Dampak jangka panjang dari urbanisasi yang secara terus menerus setiap tahunnya pasca hari raya adalah permasalahan lingkungan, lingkungan pemukiman menjadi kumuh dan tidak layak huni serta tidak sehat karena sering terkena banjir dan asap polusi kendaraan yang tinggi. Dan juga terjadi peningkatan pengangguran, kriminalitas, bahkan ketimpangan sosial ekonomi.
Perpindahan penduduk dari desa ke kota tidak menjadi permasalahan sosial apabila penduduk yang datang ke kota mempunyai kualitas keterampilan yang dibutuhkan di perkotaan. Faktanya, perpindahan penduduk tersebut tidak diikuti oleh kualitas keterampilan yang bagus, sehingga profesi yang diambil hanyalah sebagai buruh harian, penjaga malam, pembantu rumah tangga, tukang becak, dan pekerjaan lain yang sejenis (pekerjaan kasar). Bahkan ada juga masyarakat yang gagal memperoleh pekerjaan memilih atau terpaksa tinggal di kota dan menjadi tunakarya, tunawisma, dan tunasusila.
2. Masalah Balikpapan, Urbanisasi akan Jadi Pemancing Gejolak Sosial - Ajid Kurniawan (Prokal.co.)
PROKAL.CO, Berkecil hati atau tidak, Balikpapan tidak bisa menunggu, terutama Wali Kota Rizal Effendi dan pendamping barunya Wakil Wali Kota Rahmad Mas’ud. Urbanisasi dengan setumpuk permasalahannya akan menjadi pemancing gejolak sosial.
HARI merayap petang. Penjaja jasa perbaikan sepatu masih saja meneriakkan “Sol spatu!...sol spatu!. Sedang penjual sayur tetap berkeliling hingga matahari berdiri tegak lurus di atas kepala. Di tempat lain, penjual keripik singkong melepas lelah di ujung gang. Rekaman dari pengeras suara menyalak nyaring: “Keripik singkong…keripik singkong…manis, pedas, gurih…eeenak rasanya!”
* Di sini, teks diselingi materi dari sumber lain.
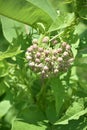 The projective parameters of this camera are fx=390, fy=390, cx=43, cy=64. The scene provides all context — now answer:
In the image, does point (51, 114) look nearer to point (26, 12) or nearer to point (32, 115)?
point (32, 115)

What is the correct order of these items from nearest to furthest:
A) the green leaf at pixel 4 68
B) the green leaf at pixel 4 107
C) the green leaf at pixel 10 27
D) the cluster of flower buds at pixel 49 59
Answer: the cluster of flower buds at pixel 49 59 → the green leaf at pixel 4 68 → the green leaf at pixel 10 27 → the green leaf at pixel 4 107

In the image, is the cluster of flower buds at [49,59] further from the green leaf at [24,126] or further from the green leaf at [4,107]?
the green leaf at [4,107]

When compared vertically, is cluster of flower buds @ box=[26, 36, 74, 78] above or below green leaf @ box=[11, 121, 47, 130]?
above

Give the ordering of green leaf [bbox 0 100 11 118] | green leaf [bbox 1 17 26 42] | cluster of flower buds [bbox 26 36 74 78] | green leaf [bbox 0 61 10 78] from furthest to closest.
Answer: green leaf [bbox 0 100 11 118] < green leaf [bbox 1 17 26 42] < green leaf [bbox 0 61 10 78] < cluster of flower buds [bbox 26 36 74 78]

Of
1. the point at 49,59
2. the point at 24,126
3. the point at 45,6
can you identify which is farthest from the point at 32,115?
the point at 45,6

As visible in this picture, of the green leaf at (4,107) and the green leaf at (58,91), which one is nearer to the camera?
the green leaf at (58,91)

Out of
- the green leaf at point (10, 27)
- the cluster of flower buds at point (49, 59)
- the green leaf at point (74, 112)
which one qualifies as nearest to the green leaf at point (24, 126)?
the green leaf at point (74, 112)

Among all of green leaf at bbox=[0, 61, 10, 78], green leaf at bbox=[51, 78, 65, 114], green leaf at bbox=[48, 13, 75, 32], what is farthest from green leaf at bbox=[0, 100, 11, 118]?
green leaf at bbox=[48, 13, 75, 32]

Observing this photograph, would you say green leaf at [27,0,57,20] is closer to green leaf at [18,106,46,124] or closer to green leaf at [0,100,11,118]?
green leaf at [18,106,46,124]

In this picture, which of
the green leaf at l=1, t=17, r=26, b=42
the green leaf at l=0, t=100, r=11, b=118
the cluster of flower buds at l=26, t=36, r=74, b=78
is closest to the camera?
the cluster of flower buds at l=26, t=36, r=74, b=78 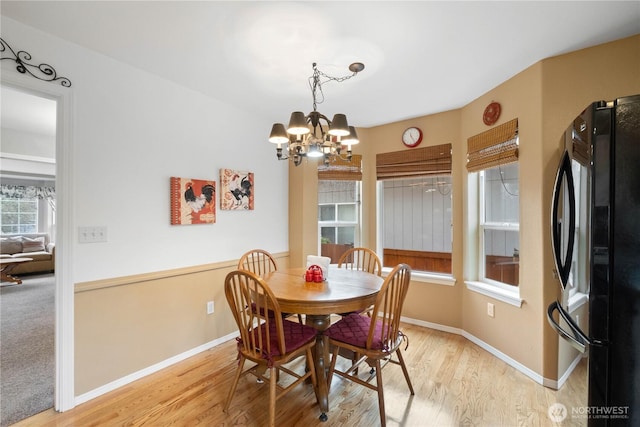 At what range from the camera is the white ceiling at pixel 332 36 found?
160 cm

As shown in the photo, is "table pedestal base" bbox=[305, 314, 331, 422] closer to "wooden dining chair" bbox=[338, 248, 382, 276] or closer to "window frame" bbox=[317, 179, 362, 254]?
"wooden dining chair" bbox=[338, 248, 382, 276]

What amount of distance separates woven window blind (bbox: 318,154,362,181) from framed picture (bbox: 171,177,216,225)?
1331 millimetres

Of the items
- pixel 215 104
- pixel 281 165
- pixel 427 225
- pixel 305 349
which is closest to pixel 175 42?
pixel 215 104

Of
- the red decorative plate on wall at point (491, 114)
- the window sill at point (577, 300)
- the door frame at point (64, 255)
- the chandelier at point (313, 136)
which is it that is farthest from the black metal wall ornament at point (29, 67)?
the red decorative plate on wall at point (491, 114)

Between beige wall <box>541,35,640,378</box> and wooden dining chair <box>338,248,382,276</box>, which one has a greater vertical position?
beige wall <box>541,35,640,378</box>

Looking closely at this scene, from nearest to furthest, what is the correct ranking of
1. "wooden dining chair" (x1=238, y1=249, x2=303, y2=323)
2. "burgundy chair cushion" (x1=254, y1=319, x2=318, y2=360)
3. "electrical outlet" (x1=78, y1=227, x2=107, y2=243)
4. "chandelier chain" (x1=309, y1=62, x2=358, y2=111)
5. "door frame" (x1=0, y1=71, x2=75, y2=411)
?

Di kawasan Lapangan Merdeka, tak jauh dari Rumah Sakit Pertamina Balikpapan (RSPB), mobil-mobil berpelat hitam dengan pintu bagasi terbuka menggelar dagangan pada sore hari.
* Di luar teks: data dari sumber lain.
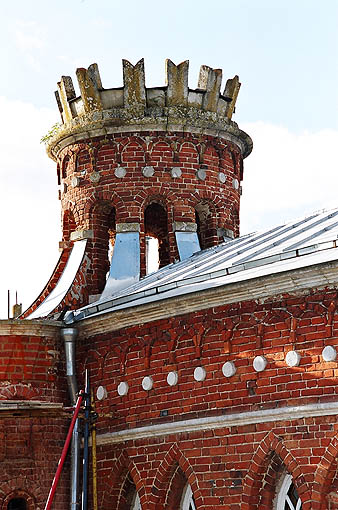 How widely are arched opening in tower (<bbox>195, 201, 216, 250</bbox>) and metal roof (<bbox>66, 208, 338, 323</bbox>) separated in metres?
1.36

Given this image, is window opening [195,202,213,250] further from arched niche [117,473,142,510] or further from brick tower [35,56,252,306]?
arched niche [117,473,142,510]

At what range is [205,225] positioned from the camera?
21125mm

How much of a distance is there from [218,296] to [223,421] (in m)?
1.62

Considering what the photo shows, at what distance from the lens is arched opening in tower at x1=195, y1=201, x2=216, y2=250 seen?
825 inches

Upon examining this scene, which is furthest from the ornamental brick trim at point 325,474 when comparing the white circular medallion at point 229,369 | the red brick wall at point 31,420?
the red brick wall at point 31,420

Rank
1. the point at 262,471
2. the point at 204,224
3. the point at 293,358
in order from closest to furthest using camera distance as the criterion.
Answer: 1. the point at 293,358
2. the point at 262,471
3. the point at 204,224

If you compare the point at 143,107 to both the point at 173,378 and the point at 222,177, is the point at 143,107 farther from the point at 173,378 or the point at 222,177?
the point at 173,378

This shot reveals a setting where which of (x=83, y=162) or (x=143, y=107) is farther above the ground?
(x=143, y=107)

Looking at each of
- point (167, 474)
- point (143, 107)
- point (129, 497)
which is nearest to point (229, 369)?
point (167, 474)

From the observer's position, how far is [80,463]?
17078 millimetres

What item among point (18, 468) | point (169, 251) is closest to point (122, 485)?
point (18, 468)

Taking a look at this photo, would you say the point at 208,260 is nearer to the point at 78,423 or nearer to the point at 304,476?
the point at 78,423

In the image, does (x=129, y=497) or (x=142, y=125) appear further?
(x=142, y=125)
Di driving range PT. Telkom Jalan MT. Haryono, kabut pagi belum terangkat saat tangan-tangan yang terawat baik mengayunkan stik, melambungkan bola golf. Siang hingga malam hari, resto dan café di sejumlah mal tak pernah sepi pengunjung. Di tepi jalan Pasar Buton, seorang nenek menanti dengan penuh kesabaran agar tumpukan singkong yang digelarnya beralih ke tangan pembeli.
Di kawasan Jalan Jenderal Sudirman pada dini hari menjelang pagi, mobil jemputan bersiap mengantarkan perempuan-perempuan muda berpakaian seksi ke pondokan yang menampung mereka. Di Bandara SAMS Sepinggan yang megah, ribuan orang datang dan pergi silih berganti.
Sebagai satu kota yang memiliki sejarah dengan minyak, Balikpapan mewariskan kebudayaan urban. Dalam perjalanan panjang dari sebuah dusun berhutan menjadi kota besar, modernisasi terus diperlihatkan kota Balikpapan. Hotel, mal, apartemen, perkantoran, perumahan mewah terus tumbuh. Bangunan yang tinggi dan rendah saling berdesakan.
Demikianlah. Sementara para wakil rakyat mewakili rakyatnya sibuk bepergian dari satu kota ke kota lainnya. Pada waktu yang sama, mungkin saja pemulung yang sedang mengorek sampah menemukan bayi merah yang dibuang.
Ini suatu keganjilan tapi dalam sesaat saja dan orang tidak lagi kaget. Mungkin karena kebiadaban seperti ini sudah sering terjadi di Kota Beriman. Apakah bayi yang dibuang masih hidup atau mati bukan satu hal penting yang bisa mencegah ibu-ibu di kota ini untuk tidak membuang bayinya. Peristiwa ini akan terjadi lagi, seperti halnya perampokan, pencurian dan penjambretan yang semakin marak terjadi.
Dampak kemajuan dan urbanisasi yang terjadi di Balikpapan telah memicu peningkatan masalah sosial di Kota Beriman. Human trafficking yang marak ditandai makin banyaknya anak baru gede (ABG) yang menjual diri, kekumuhan kota, dan naiknya angka kejahatan.
Disiplin sosial semakin rendah, serta munculnya kecemasan baru di sebagian kalangan akibat kalah bersaing lantaran gagalnya pemerataan pembangunan. Peningkatan masalah sosial tersebut tidak bisa ditutup, betapa pun wajah kota Balikpapan dipulas dengan cantik.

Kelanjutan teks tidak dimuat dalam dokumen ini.